:: The records ::

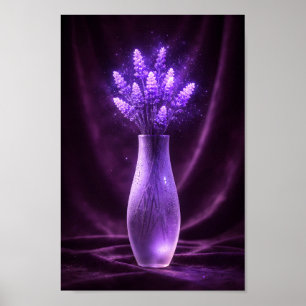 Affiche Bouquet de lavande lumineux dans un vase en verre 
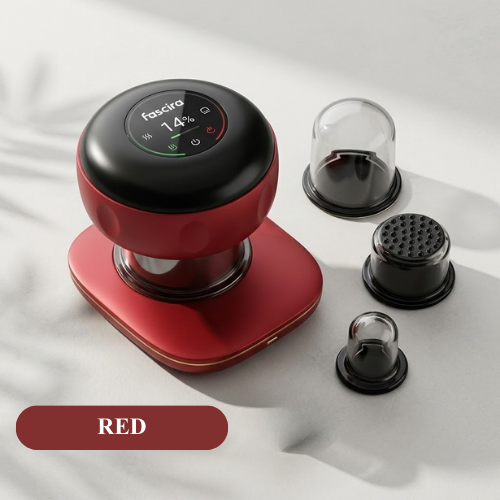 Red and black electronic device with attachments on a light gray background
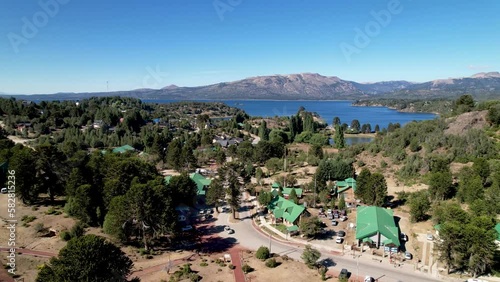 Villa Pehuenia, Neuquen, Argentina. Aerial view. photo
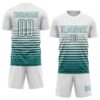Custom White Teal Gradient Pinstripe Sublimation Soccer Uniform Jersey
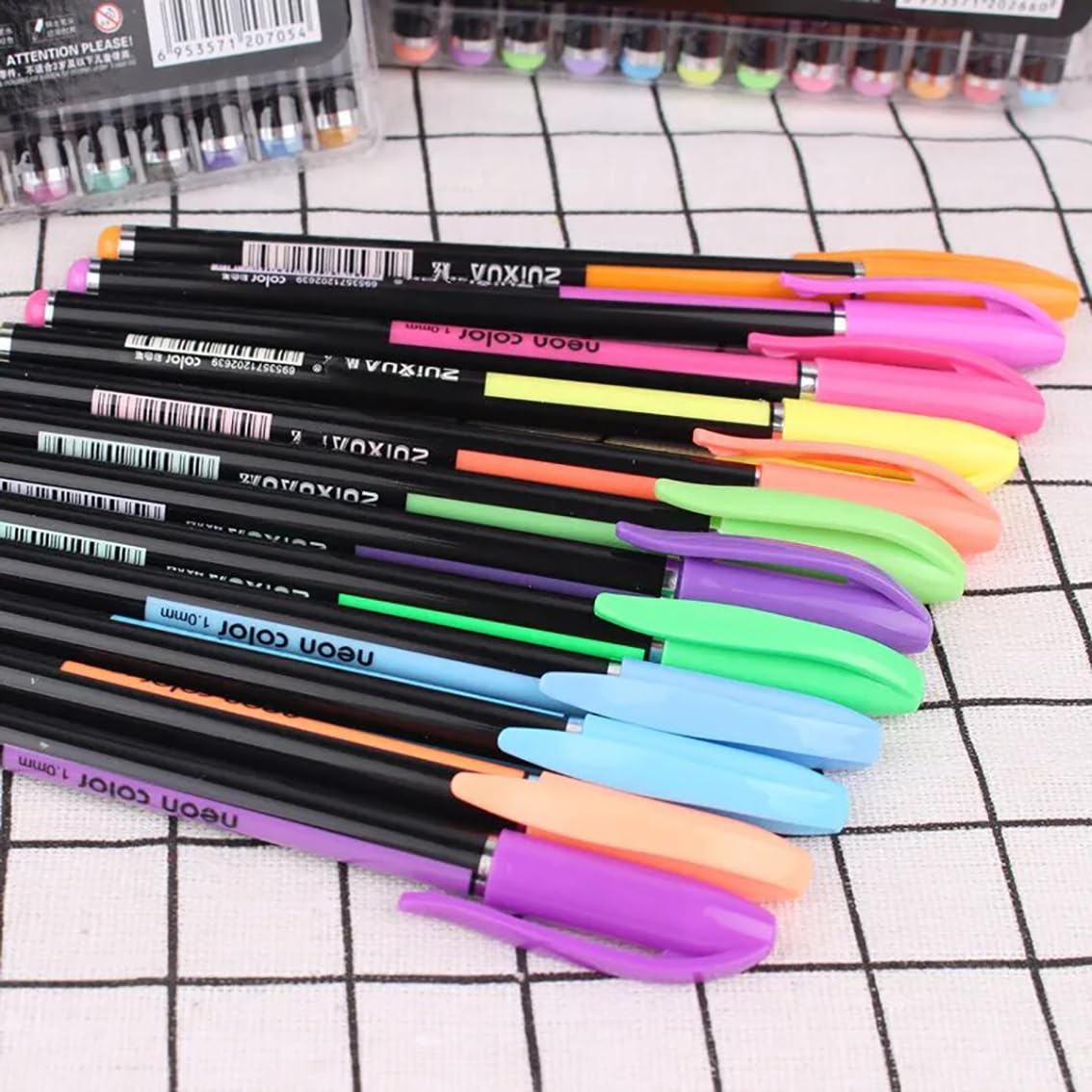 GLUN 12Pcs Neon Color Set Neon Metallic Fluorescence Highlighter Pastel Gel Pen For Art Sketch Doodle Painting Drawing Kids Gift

:::

What you have to do >>
No picture belongs in the answer, but every word of the records above does, exactly as given.

Finished task >>
 Affiche Bouquet de lavande lumineux dans un vase en verre 
 Red and black electronic device with attachments on a light gray background
 Villa Pehuenia, Neuquen, Argentina. Aerial view. photo
Custom White Teal Gradient Pinstripe Sublimation Soccer Uniform Jersey
 GLUN 12Pcs Neon Color Set Neon Metallic Fluorescence Highlighter Pastel Gel Pen For Art Sketch Doodle Painting Drawing Kids Gift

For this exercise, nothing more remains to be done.